The Topel family operated their vineyard and winery for 25 years until they were forced to retire from the business due to health reasons. As their window closed, it opened the door for Martin, who was brought in to oversee every aspect of the business: growing the grapes, making the wine, and sales. And see, stories like this are what make me wonder about whether destiny is real, because I have to imagine that a former finance guy with almost a decade of old-world winemaking training possesses the uniquely perfect combination of skills and knowledge to do what Martin did… which was to step into Topel, make it his own, and make it successful.

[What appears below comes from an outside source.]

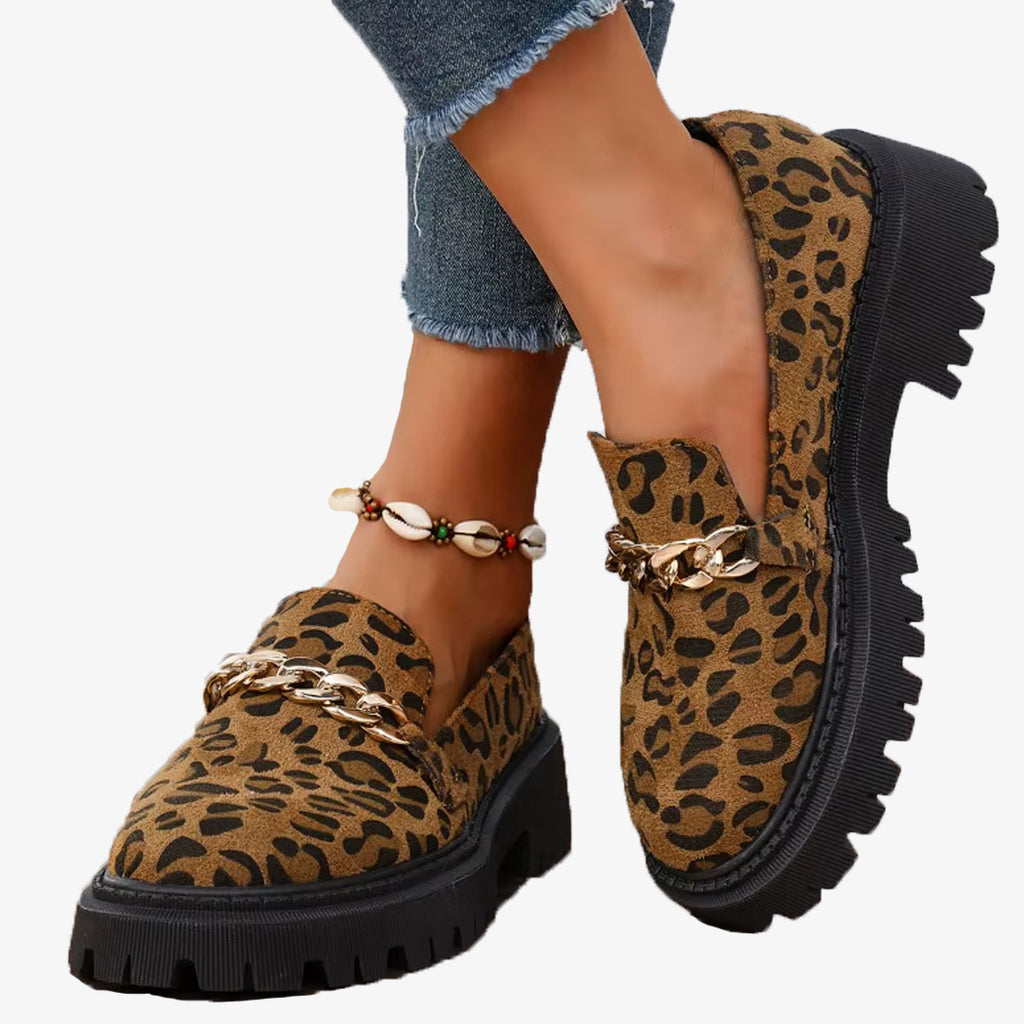 Paar loafers van luipaardsuède met plateauzool en ketting, gedragen met een jeans en een enkelbandje van schelpen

Part of Martin’s alchemy results from the training he received in France and Argentina and the beliefs he absorbed, specifically related to sustainability and respectful farming practices. At his very first harvest in France, he was exposed to the philosophy of biodynamic farming, which is relatively rare even now and represents a very rigorous embodiment of regenerative farming. In Argentina, the focus was precision viticulture, which prioritizes optimizing vineyard performance, in particular maximizing grape yield and quality while minimizing environmental impacts and risk. Blend all these beliefs, and what you’re left with is a beautiful harmony of sustainable, respectful practices and an intimate relationship with the land, the grapes, and the wine. That’s Martin’s magic.
Um, why haven’t you mentioned Orsa?
I was getting there! When the Topel family retired from their winemaking business and Martin entered the picture, he teamed up with Roger Peng, businessman extraordinaire, and together they founded Orsa Wines in 2019. They’ve still preserved the extraordinary history and practices of Topel, and their older vintages are still under the Topel label, but Orsa is a new label designed to move their wine forward while still honoring and preserving the Topel legacy. I think their website says it beautifully:
"To us, wine is an ongoing chaptered story that vintage-to-vintage narrates the changes and influences of land, weather, farming practices, and winemaking legacy."
Orsa is the next chapter of Topel, but they’re part of the same story… and if the quality is anything to go by, it should be a bestseller. After all, it has all the important elements of a classic: history, twists of fate, personal discovery, a whiff of destiny, triumph, and sheep. Obvi.
Topel and Orsa wines are, in a word, exquisite. I truly hope you’ll do yourself a favor and try a bottle or two—you only think you’ve tasted good wine until now.